┌─ Records shown

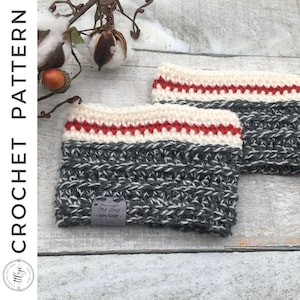 May include: Two gray and white crocheted cup cozies with a red and white stripe detail. The cozies are on a white wooden surface. The label on one of the cozies reads "Through The Loop - Yarn Craft".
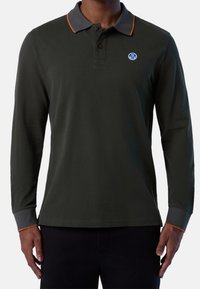 Polo à manches longues en coton vert foncé, avec un col gris aux accents orange et un logo rond sur la poitrine.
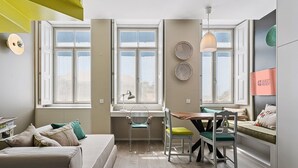 A modern, well-lit room with a large window, a dining area, and a cozy seating area. - Guestready - Amma Braga Apartments (Braga)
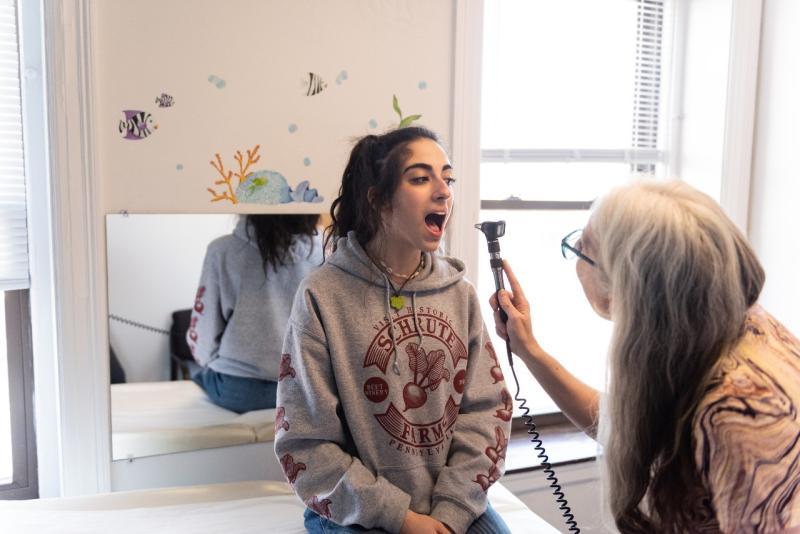 a teen girl getting her throat examined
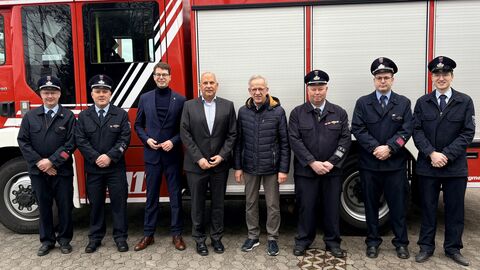 Mehrere Personen stehen vor Feuerwehrauto.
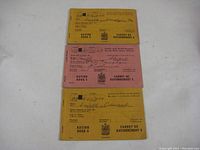 Four Canadian WWII ration books arranged to show different covers, two yellow and one pink visible.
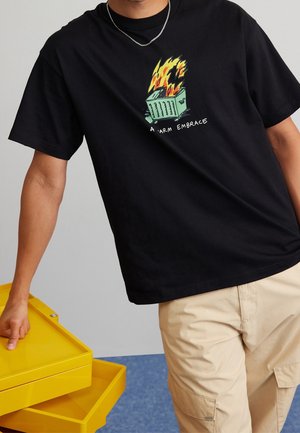 Mand iført sort T-shirt med flaming skraldespands grafik og teksten "A Warm Embrace," beige cargobukser og sølvkæde, lænende på et gult bakke bord.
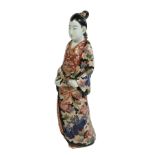 A fine quality and colourfully decorated 19th Century Japanese porcelain Figure, modelled as a '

└─

What this task involves:
Where the line containing "Four Canadian WWII" appears above, start there and set down each line exactly through the last line of the data; leave out every picture.

Written reply:
 Four Canadian WWII ration books arranged to show different covers, two yellow and one pink visible.
 Mand iført sort T-shirt med flaming skraldespands grafik og teksten "A Warm Embrace," beige cargobukser og sølvkæde, lænende på et gult bakke bord.
 A fine quality and colourfully decorated 19th Century Japanese porcelain Figure, modelled as a '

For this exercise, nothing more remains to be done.